If he was an employee paid to
If he was an employee paid to develop that code, then its your intellectual property. Ask him for the source code. He might just give it up.
It's rather our fault that we
It's rather our fault that we don't have it. We had our previous server die rather spectacularly and I had to rebuild from backups and the SVN repository that I built to keep all the asterisk configs in. The source was in a folder that was not backed up nightly on this server. Bad form for us, but the executable and apparently the source are toast unless I can get the old server to boot up again. It was an old Dell with a PERC 3Di that won't see the containers anymore.
if its a text file, you could
if its a text file, you could just use bash scripting to do it.. here is the first part of a script that parses voicemail.conf to get username/password etc just using the while and read commands.
cat /etc/asterisk/voicemail.conf | grep -e "=>" | (
IFS=,;
while read userpass firstlast email pager options; do
user=$(echo $userpass | cut -d "=" -f 1 | sed s/" "//);
fname=$(echo $firstlast | cut -d " " -f 1);
lname=$(echo $firstlast | cut -d " " -f 2);
A shell script or perl might
A shell script or perl might just be the way to go. I have more experience with shell scripting. Thanks a lot!

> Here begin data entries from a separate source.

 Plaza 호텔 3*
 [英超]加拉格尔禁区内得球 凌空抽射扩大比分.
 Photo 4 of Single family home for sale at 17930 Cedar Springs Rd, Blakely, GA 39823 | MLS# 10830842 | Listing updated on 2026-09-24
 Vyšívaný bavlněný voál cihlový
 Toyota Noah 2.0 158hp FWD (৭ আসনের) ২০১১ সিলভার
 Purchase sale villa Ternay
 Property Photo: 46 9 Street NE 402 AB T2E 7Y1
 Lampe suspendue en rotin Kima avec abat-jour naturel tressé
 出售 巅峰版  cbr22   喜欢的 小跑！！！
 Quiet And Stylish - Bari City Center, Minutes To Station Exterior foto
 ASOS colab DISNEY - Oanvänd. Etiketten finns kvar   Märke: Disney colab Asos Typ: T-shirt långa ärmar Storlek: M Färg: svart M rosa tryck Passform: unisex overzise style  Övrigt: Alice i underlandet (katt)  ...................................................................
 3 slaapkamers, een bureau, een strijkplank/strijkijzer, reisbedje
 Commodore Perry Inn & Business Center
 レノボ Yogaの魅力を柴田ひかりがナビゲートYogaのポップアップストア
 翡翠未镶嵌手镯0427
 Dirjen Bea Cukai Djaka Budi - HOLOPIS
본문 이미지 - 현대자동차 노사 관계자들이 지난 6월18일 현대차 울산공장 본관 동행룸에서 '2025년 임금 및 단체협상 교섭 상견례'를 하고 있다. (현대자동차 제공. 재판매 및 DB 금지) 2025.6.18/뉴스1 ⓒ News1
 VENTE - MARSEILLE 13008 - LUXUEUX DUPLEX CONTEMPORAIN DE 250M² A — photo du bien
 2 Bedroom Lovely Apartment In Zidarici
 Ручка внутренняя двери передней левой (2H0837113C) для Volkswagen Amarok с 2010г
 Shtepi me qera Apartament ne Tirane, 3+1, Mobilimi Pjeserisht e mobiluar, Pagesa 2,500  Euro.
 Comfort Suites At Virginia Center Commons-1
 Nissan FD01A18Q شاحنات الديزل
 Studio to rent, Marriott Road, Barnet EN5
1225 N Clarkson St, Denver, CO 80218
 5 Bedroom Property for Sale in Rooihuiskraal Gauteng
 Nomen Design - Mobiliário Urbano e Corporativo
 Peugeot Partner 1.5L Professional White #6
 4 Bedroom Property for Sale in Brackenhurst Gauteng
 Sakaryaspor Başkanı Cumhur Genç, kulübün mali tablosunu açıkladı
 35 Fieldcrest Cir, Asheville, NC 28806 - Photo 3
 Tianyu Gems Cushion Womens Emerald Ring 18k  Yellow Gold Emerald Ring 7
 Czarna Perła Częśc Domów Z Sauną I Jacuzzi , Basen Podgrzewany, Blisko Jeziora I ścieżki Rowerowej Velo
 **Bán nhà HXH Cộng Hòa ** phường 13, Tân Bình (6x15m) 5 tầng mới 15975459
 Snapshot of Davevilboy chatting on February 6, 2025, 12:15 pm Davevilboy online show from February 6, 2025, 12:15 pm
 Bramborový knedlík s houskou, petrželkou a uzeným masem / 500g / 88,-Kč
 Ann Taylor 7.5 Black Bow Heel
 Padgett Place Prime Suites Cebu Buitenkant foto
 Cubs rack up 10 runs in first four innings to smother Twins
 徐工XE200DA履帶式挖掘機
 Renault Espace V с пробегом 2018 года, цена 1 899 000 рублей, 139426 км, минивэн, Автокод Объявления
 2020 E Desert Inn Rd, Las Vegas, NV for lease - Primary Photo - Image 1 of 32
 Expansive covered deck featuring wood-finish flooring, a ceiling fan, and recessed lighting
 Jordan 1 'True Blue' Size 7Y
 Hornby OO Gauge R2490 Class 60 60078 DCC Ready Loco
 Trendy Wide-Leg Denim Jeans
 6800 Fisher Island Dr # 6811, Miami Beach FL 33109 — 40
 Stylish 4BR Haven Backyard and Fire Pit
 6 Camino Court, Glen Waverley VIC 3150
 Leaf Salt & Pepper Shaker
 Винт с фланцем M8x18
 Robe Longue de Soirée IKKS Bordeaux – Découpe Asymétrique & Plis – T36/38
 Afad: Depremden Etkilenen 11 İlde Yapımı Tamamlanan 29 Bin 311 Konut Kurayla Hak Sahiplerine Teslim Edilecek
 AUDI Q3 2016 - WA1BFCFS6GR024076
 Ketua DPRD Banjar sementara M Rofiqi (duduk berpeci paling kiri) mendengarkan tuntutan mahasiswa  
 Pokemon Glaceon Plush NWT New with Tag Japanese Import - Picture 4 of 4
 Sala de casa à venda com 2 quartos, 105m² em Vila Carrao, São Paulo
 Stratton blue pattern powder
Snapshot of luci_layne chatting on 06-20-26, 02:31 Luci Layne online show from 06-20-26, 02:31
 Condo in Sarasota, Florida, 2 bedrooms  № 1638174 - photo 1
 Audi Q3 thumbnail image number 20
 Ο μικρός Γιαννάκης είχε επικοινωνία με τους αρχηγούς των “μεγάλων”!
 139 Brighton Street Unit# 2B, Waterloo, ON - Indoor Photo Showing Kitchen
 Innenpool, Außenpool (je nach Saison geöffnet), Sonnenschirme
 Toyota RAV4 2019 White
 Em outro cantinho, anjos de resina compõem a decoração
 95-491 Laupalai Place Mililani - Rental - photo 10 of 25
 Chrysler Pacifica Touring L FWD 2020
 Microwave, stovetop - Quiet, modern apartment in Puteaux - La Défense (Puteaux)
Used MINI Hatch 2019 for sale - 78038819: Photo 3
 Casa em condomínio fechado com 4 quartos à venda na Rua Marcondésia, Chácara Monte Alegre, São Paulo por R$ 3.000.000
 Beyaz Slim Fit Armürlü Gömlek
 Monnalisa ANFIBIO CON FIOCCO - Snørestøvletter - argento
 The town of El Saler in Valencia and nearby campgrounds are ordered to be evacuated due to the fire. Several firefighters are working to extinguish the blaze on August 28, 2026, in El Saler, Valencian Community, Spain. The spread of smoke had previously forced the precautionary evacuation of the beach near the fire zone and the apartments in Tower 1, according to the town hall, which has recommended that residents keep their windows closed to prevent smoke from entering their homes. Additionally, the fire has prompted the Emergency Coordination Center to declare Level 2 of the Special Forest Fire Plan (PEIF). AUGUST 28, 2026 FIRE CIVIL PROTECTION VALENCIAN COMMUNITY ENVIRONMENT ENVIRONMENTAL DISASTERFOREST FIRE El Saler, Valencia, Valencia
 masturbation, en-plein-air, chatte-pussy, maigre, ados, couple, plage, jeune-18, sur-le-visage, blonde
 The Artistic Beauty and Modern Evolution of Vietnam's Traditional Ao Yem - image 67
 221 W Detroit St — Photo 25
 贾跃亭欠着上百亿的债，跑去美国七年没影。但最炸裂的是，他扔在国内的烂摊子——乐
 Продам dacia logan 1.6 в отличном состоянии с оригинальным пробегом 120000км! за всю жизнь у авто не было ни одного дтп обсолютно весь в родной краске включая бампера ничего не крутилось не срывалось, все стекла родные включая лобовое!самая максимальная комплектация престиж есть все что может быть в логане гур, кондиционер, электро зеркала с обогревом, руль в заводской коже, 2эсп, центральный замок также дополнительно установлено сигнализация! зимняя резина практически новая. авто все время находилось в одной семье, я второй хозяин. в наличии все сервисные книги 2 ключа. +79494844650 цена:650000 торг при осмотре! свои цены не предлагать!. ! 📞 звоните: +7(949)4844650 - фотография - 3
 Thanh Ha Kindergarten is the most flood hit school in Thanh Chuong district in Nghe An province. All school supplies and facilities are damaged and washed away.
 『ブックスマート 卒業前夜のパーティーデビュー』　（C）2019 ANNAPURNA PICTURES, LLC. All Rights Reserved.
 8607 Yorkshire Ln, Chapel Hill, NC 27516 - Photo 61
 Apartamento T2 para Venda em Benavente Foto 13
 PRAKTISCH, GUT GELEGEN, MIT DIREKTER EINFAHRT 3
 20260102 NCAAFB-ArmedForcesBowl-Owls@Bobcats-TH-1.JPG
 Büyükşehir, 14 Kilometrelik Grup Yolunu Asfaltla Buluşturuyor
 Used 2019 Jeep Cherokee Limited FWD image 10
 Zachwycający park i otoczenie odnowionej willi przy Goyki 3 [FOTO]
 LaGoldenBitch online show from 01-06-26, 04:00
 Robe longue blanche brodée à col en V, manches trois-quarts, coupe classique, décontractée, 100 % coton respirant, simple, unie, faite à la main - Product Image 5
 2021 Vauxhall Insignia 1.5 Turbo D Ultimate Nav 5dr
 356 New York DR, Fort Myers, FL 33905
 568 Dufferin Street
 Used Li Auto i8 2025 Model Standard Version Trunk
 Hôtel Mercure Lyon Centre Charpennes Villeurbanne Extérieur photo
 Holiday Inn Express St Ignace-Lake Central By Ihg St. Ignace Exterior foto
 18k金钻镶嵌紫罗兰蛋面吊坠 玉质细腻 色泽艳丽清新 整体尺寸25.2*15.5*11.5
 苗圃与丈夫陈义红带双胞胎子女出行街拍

how is it formatted? I suppose as long as source and destination #'s are there you could reformat it with a script into something that looks like asterisk Master.csv. You could fudge the fields the billing software isnt concerned with. Theres a lot of packages that would read asterisk CSV files for billing.
Is verizon not sending you the DNIS when they send the call? or is it that you lack a gateway box and so the only CDR you have is the end-point re-written destination?